A) A form of sadness
B) A condition where one must adjust or respond to pressure
C) Feeling joy during difficult times
D) A fixed personality trait
Answer – B) A condition where one must adjust or respond to pressure
Explanation: Stress refers to the psychological and physical strain that arises when an individual faces challenges or demands requiring adjustment.
A: Stress can involve many emotions, not only sadness. C: Not all stress experiences are joyful. D: Stress is situational, not an inherent trait.
Q53. What does the term “homeostasis” mean in the context of stress and health?
A) Feeling highly driven due to pressure
B) A balanced internal state maintained by the body
C) Running away from difficult tasks
D) Increasing stress to improve performance
Answer – B) A balanced internal state maintained by the body
Explanation: Homeostasis is the body’s process of keeping internal systems stable and in balance, which is disrupted under prolonged stress.
A: Motivation and homeostasis are separate concepts. C: Avoidance behavior doesn’t define homeostasis.
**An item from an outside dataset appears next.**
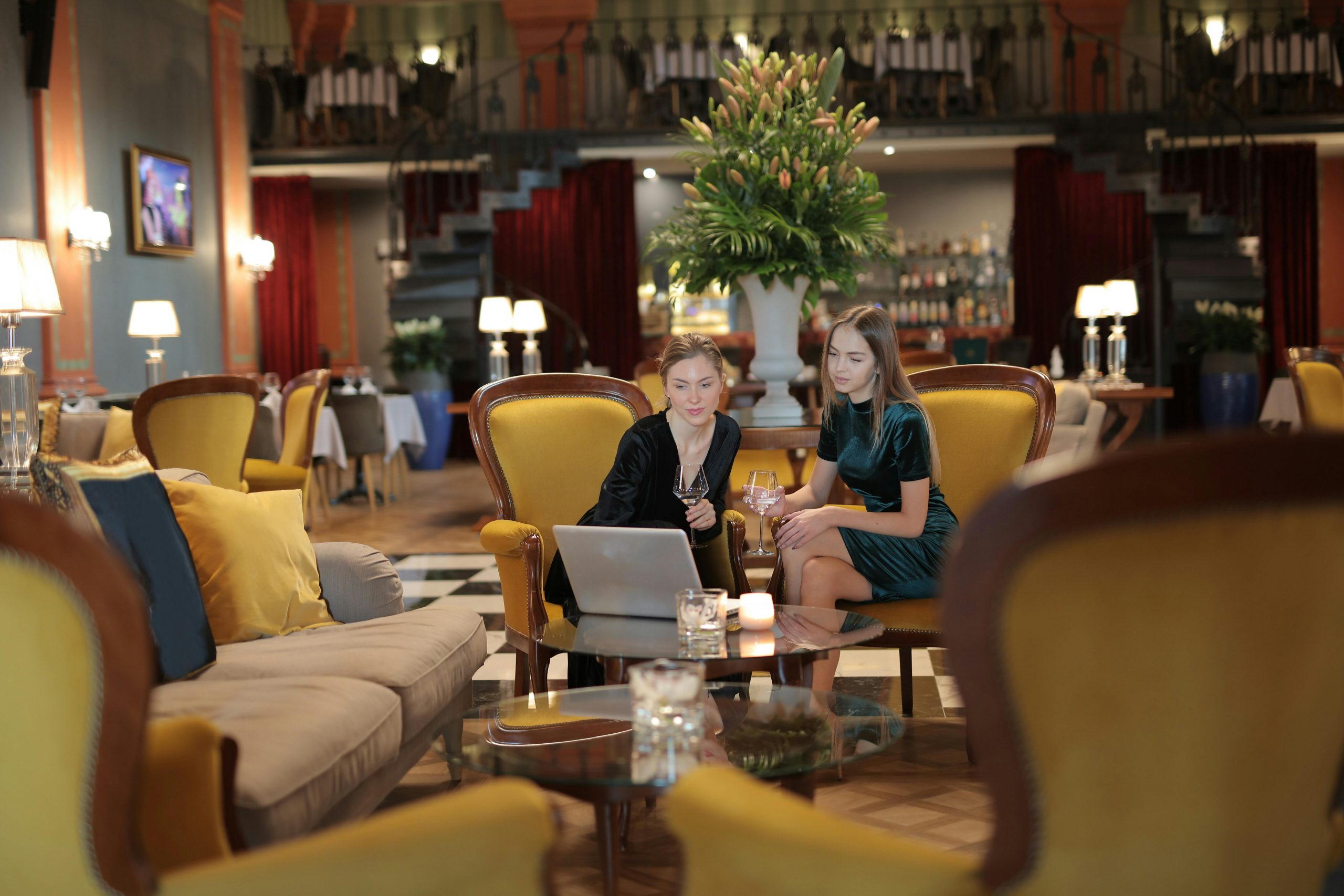 Two women enjoying a conversation in a luxurious hotel lounge, surrounded by elegant decor.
D: Stress reduction is key to restoring balance, not increasing it.
Q54. What is meant by a “life challenge” in psychological terms?
A) Only physical illnesses
B) Achievements in academics
C) Situations that demand more than what a person can easily manage
D) Circumstances that always bring positive growth
Answer – C) Situations that demand more than what a person can easily manage
Explanation: A life challenge refers to any situation that pushes a person’s coping resources to the limit, such as personal loss, transitions, or intense pressure.
A: Challenges are broader than just health issues. B: Achievements are not inherently stress-inducing. D: Challenges can lead to growth but not always.
Q55. What plays the biggest role in how a person reacts to a difficult situation?
A) Their blood pressure
B) How much rest they got
C) Their interpretation of the situation
D) Their monthly earnings
Answer – C) Their interpretation of the situation
Explanation: A person’s cognitive appraisal, or how they evaluate a situation, strongly influences how stressful it feels and how they cope with it.
A: Physical signs follow stress, not define perception. B: Sleep helps but isn’t the primary factor in appraisal. D: Money affects resources, but not internal evaluation.